Parmi les compatriotes spécialement venus pour l’office figurait Pétar Donev, originaire de Plovdiv et installé en Irlande depuis vingt-cinq ans. Pour lui, comme pour tous les Bulgares réunis dans le temple, cette liturgie festive, présidée par le métropolite Antoine et célébrée en bulgare, représente un rêve devenu réalité.

PHOTO : Radio Bulgarie

C’est tout simplement le sentiment d’être en Bulgarie", a-t-il confié à l’équipe de Radio Bulgarie et de "Pont de la foi". « Ce sont des fêtes durant lesquelles chaque chrétien, qu’il soit bulgare ou non, trouve l’apaisement lorsqu’il assiste à la liturgie, comme aujourd’hui. On se retrouve face à soi-même, on réfléchit à notre raison d’être, à ce que nous devons être, à ce que nous faisons. L’homme est seul avec lui-même, et chacun qui prie, c’est mon opinion, qu’il soit chrétien, musulman ou autre, fait le bilan de sa vie passée, présente et future : ce qu’il fera, ce qu’il pense faire, ce qu’il est capable de faire. Car il y a une différence entre penser et agir. Ainsi, en ce jour de fête, peu importe où l’on se trouve, en Irlande ou en Bulgarie, on se sent plus proche de Dieu, plus proche de soi-même, et l’âme, comme la famille, trouve la paix."

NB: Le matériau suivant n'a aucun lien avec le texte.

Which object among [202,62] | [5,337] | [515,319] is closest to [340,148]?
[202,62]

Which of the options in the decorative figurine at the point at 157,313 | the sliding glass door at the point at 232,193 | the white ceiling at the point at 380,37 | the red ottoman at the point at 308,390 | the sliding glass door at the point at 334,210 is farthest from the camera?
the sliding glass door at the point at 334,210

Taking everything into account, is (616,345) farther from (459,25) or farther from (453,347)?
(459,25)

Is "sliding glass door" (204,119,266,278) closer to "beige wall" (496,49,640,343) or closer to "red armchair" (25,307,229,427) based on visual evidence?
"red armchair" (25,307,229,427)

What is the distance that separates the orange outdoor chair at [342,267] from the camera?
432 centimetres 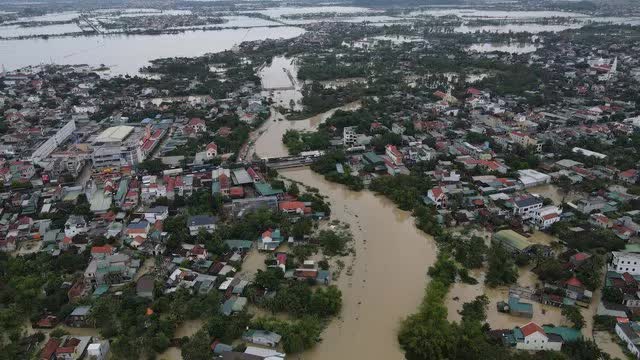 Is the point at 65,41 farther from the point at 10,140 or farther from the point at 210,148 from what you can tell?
the point at 210,148

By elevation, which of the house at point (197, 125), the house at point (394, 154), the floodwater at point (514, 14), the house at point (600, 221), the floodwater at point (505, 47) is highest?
the floodwater at point (514, 14)

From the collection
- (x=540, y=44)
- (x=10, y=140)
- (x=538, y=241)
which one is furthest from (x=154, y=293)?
(x=540, y=44)

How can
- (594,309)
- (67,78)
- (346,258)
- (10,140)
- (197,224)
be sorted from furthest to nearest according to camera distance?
(67,78)
(10,140)
(197,224)
(346,258)
(594,309)

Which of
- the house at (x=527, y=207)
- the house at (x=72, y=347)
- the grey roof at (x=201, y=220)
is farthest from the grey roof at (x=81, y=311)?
the house at (x=527, y=207)

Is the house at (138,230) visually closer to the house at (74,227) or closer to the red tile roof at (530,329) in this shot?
the house at (74,227)

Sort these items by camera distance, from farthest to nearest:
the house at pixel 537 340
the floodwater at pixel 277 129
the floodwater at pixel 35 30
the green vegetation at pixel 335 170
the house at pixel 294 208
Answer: the floodwater at pixel 35 30 → the floodwater at pixel 277 129 → the green vegetation at pixel 335 170 → the house at pixel 294 208 → the house at pixel 537 340

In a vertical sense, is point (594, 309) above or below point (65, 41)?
below
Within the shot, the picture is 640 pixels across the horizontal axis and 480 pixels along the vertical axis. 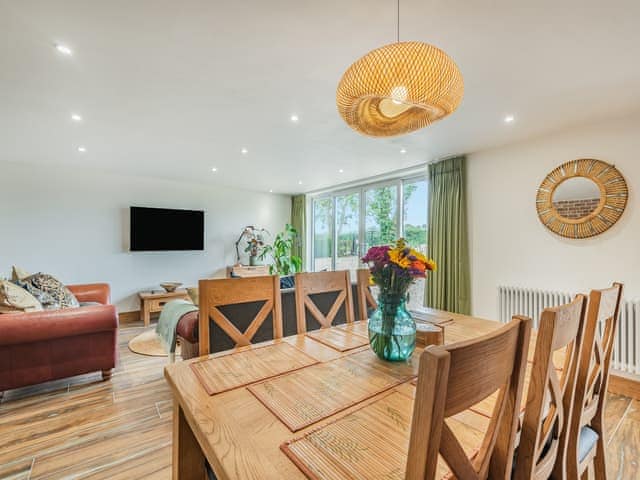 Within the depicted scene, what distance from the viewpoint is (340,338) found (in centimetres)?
156

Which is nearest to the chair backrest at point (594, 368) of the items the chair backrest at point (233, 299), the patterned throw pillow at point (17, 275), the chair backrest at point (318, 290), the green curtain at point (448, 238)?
the chair backrest at point (318, 290)

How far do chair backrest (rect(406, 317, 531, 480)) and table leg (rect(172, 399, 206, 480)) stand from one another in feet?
3.26

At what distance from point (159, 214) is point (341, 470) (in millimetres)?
5392

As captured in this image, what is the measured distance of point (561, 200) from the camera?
9.65 ft

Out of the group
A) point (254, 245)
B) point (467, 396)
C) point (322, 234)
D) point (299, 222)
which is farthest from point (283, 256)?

PHOTO : Alexandra Karamikhaleva

La foi apparaît ainsi comme un lien essentiel entre l’individu et la communauté. "Voyez, les gens se rassemblent dans l’église, sans considération de leur profession ou de leur âge… C’est la communauté des chrétiens, unie dans l’humilité devant Dieu. Nous, chrétiens, sommes appelés à davantage d’humilité. Dans le temple, les fidèles se rapprochent les uns des autres. C’est une forme de sociabilité héritée du passé – dans les villages, les villes, les quartiers – où l’on se retrouvait en un même lieu pour échanger. C’est aussi une manière de préserver les traditions, de se voir et de partager", a ajouté Pétar Donev.

Devant une foule rassemblée, la formation vocale masculine de chambre "Svetoglas", invitée spécialement pour la fête par le métropolite Antoine, a donné le ton, et l’ensemble de l’église a entonné la chanson "Tu es belle, ma forêt".

Après l’office, le métropolite Antoine a planté un arbre dans la cour de l’ambassade de Bulgarie à Dublin.